Après une ascension un peu difficile, où nous allions d'une touffe d'herbe givrée à un souple buisson de rhododendron presque enfoui dans la neige, en traversant des étendues de neige gelée où les bâtons enfonçaient peu et les chaussures glissaient, malgré la progression sur les carres plutôt que la semelle à plat, nous nous sommes arrêtés sur des rochers secs exposés plein sud pour nous restaurer. Là, nous avons eu le plaisir toujours renouvelé d'apercevoir sur un sommet la silhouette de plusieurs isards qui nous regardaient sans s'affoler, broutant tranquillement au bord du précipice.
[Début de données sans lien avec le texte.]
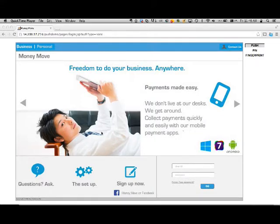Hi there. My name is Amit. I'm the Product Manager for Symantec VIP, which is the two-factor strong authentication solution from Symantec.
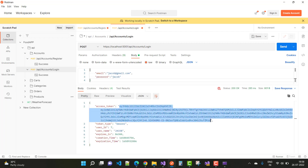The accounts controller is now completed. Next we will cover the category controller, then products, cart, and finally orders — completing them one by one. I hope you enjoyed this video. Please like and share this video on your social platforms, and don't forget to subscribe to my channel. Thank you very much for watching.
Nous avions perdu beaucoup de temps avec ce détour, il était déjà une heure - une heure et demie. Lorsque nous avons repris notre marche, glissant à moitié et tapant le sol gelé de nos talons ou de nos carres pour y trouver prise, Pierre commençait à sentir qu'il ne fallait plus trop tarder. Michèle, brusquement, a dérapé, et Rose s'est empressée de la stopper dans sa glissade tandis qu'elle appelait les hommes à son secours, incapable de la relever seule, d'autant que Michèle riait et n'aidait pas beaucoup. Enfin, nous nous sommes reposés dans l'herbe d'un nouveau petit col, avec vue sur le fameux pic du Midi d'Ossau, magnifique, et, derrière nous sur l'autre versant du cirque, les aiguilles d'Ansabère, la Table et le Pic des Trois Rois (France, Navarre, Aragon), et le pic d'Anie, entre autres.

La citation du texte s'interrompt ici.